千景の性的指向では、恋をして交際を経て肉体関係になんて、まさに青春そのものな道は歩めなかったのだろう。それでも欲はたまって、毒を抜くように関係を持った相手がいたっておかしくない。
「劇団に入って、余計にそう思うよ。みんなキラキラした情熱抱えて、まっすぐ進んできてる。険しい道のりだったこともあるだろうけど、純粋さは、誰にも否定できないよね。茅ヶ崎だって、……まあ、純粋っていえば純粋なんじゃない?」
「なんですかその含み笑いは。……でも、ちょっと、気が抜けたので、アリガトウゴザイマス……」
「俺たちは恋人同士だろ? そういう話しにくいことも、相談してくれると嬉しいね。馬鹿にしたりしないから。ねえ、好きな人はいなかった? 可愛いなとか、綺麗だなって思った人。その人を思い浮かべればいいんじゃないか?」
ゆっくりと柔らかな声音で、諭すように口にする千景を眺め、至はひとつ瞬きをする。
「かわいい……」
思い当たる人はいる。綺麗、という表現からは外れるかもしれないが、所作が美しいなと思った相手。

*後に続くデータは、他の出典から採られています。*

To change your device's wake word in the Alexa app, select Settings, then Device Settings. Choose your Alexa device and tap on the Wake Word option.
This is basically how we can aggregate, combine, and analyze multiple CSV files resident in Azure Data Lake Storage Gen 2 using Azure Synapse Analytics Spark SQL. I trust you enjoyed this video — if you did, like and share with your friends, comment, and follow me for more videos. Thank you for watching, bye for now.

「……見ていたいなって、思う人、ですかね。近くにいたい、楽しい……」
「そうそう。そういう感情だろ。内緒の恋だと思えばいい」
なるほど、と正面に向き直る。その人に感じたものを恋に変える予定はないけれど、悪くない感情だとは思う。
「先輩は?」
「うん?」
「好きな人とか、いたことあるんですか。理屈として知ってるのと、感情で知ってるのとでは、やっぱり違うでしょ」
至も、理屈では分かる。他人の感情としてなら、見える。だけど自分自身の感情としては知らなかった。だから、千景に対してどう接するのが正解なのか分からないのだ。

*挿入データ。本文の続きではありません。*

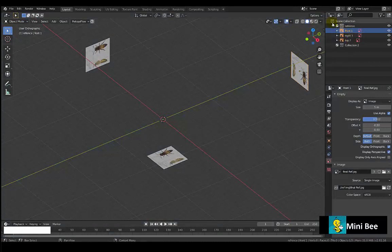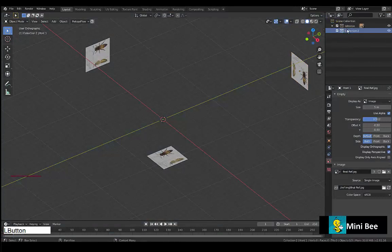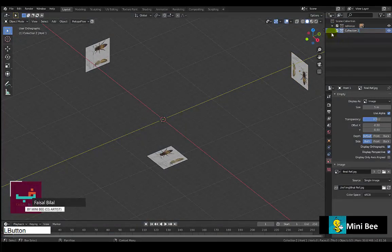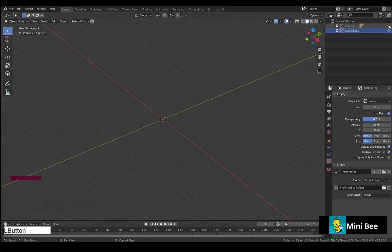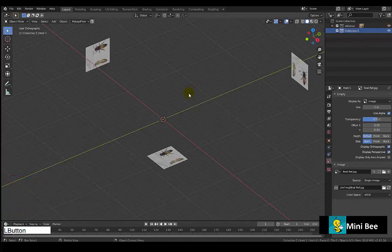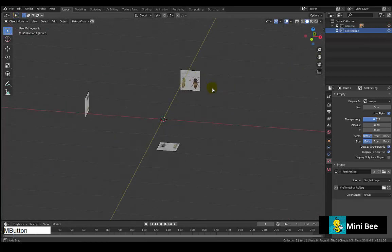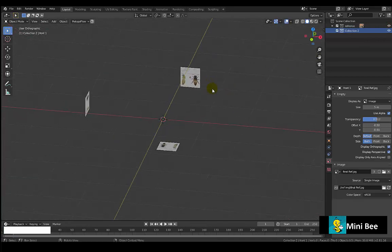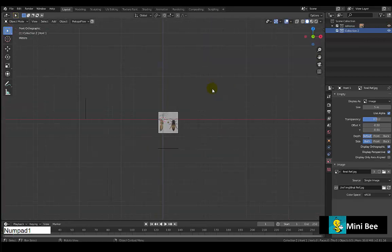Hello everyone, welcome back. If you are new, please subscribe to our channel and press the bell icon. In this video we will start modeling the body of a honeybee. The reference image can be found in the description. Let's begin the video and model the honeybee.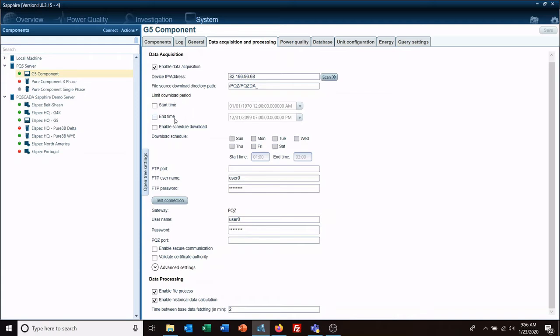If none of these are checked, at the very bottom, time between base data fetching in minutes. So I'm scheduling a two-minute interval for it to check for new data and retrieve it.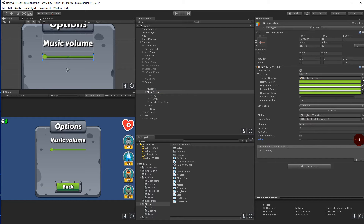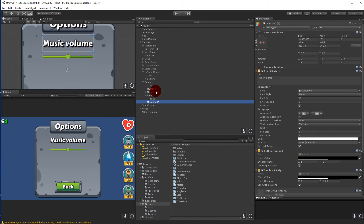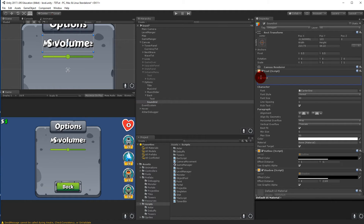If I set the slider value to 0.5, you'll see it has a light color on the left side and a dark color on the right side. That's the music slider done. Now we need a sound volume, so duplicate the 'Music Volume' text and write 'Sound Volume'.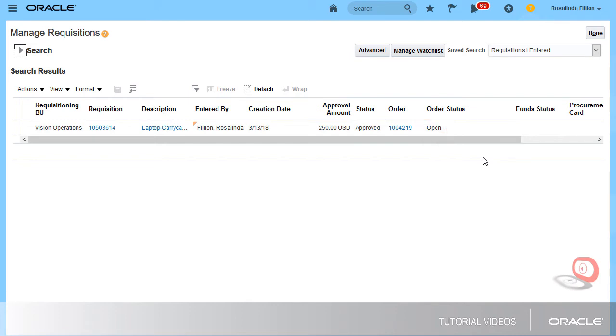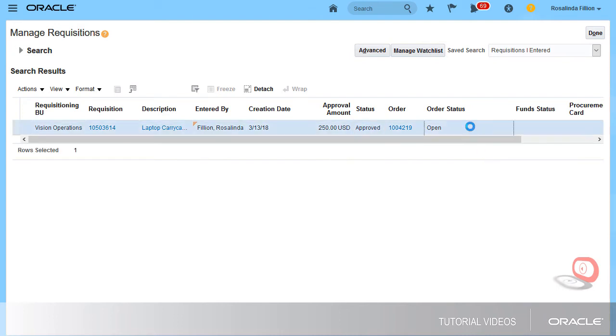This requisition is in Approved status, so I'm able to cancel it. I'll select the requisition and cancel it.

千景は、こちらにアドバイスできるくらいにはその感情を知っているのだろうか。
「…………さあね」
ふっと数秒振り向いて、また正面に向き直った千景からは、正解が出てこない。曖昧なのはいつものことだけれども、嘘をつかなかったところを見るに、大切な感情だったのかもしれないと後悔した。
(いたんじゃないか……。今も好きな人? 傷えぐらないようにしなきゃ)
ちくりと胸が痛む。
千景の静かな想いが切ないのだと、ひとり納得して頷いた。